Serving the Quantitative Finance Community

 
User avatar
johnself11
Posts: 0
Joined: November 18th, 2004, 5:48 pm

Buying the synthetic swap spread

November 23rd, 2006, 5:00 am

i guess they are "popular" insofar as they are extremely liquid.... though this doesnt qualiify them as ideal for a trade structure.... i can say with certainty that the ebedded options in the contracts are mot at all worthy of dismissal..... wait till a market situation in which the CTD is changing dynamically, and you will see that the trade will have nothing to do with LIBOR credit spreads......
 
User avatar
miltenpoint
Posts: 9
Joined: February 23rd, 2006, 1:40 pm

Buying the synthetic swap spread

November 23rd, 2006, 7:03 am

Good point, although by watching the implied repo/net basis, you can usually see potential for change of CTD. Perhaps the biggest threat to delivery at present is CTD squeezes, something that has always been present in markets but something that the hedge funds are now getting into - establishing a position and trying to persaude the repo desk to go special.
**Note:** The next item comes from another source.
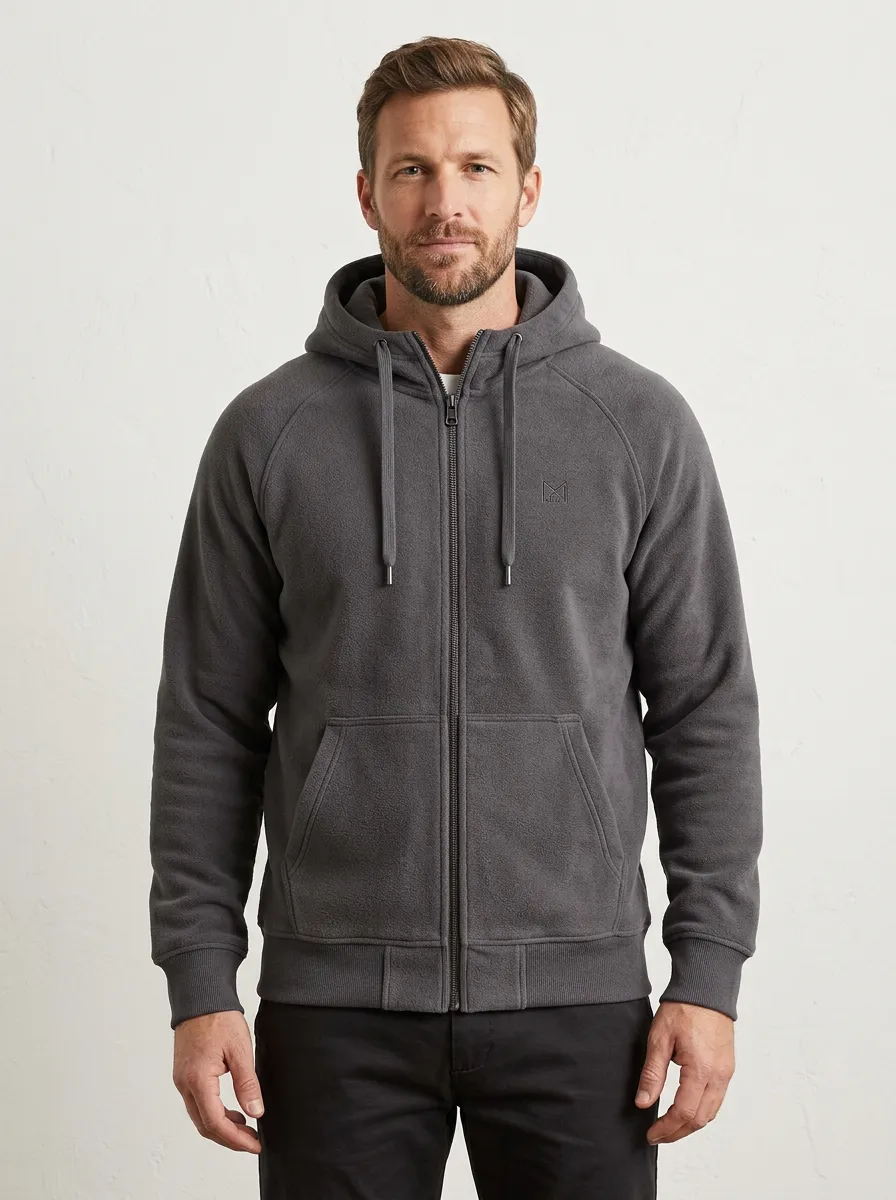 Athletic Zip-Up Jacket Style Men's Sport Jacket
Thete is currently an investigation in the US into this practice.I always feel more comfortable being long the spread (long t-notes), to avoid these possibilites and to also enjoy the asymmetical nature of the risk profile. (some say the credit spread is like implied vol) but avoiding being delivered by not holding in the final month.
 
User avatar
vegavexity
Posts: 0
Joined: October 11th, 2005, 11:24 am

Buying the synthetic swap spread

November 23rd, 2006, 2:44 pm

Credit spreads and swap sprads have very little in common these days. The credit is risk in swaps is so small that it can almost be neglected. If you have a credit crisis today, you would see credit spreads wider and swap spreads tighter. Why?.. Because the flight to quality would be executed through receiving on swaps as much, if not more so, than through UST buying.This doesn't change the dynamic w.r.t. how to put on a spread widening trade, but in the first post credit and swaps spreads were described as two strategies for the same trade. They are not.. credit widening is a UST bullish trade, credit widening tradeswap sprd widening is a UST bearish trade, credit tightening trade
 
User avatar
johnself11
Posts: 0
Joined: November 18th, 2004, 5:48 pm

Buying the synthetic swap spread

November 25th, 2006, 4:46 am

agreed - swaps are the now the weapon of choice when moving huge amounts of duration so the swap rate direction now dictates the spread direction..... the thing is that this is the case until it isn't (e.g. 1998)....if wachovia were to go out of biz i got a couple dollars saying you see a massive widening.... or even something like 9/11 when EVERY treasury security repoed at zero for over two weeks.... that gave the spreads quite a nudge..... let us not forget the past so soon..... but without mentioning these 10,000 year floods which seem to happen every 5y, if there were a significant deterioration in banks credit, i'd bet my checking acciunr spreads widen (why not - nothing to lose!)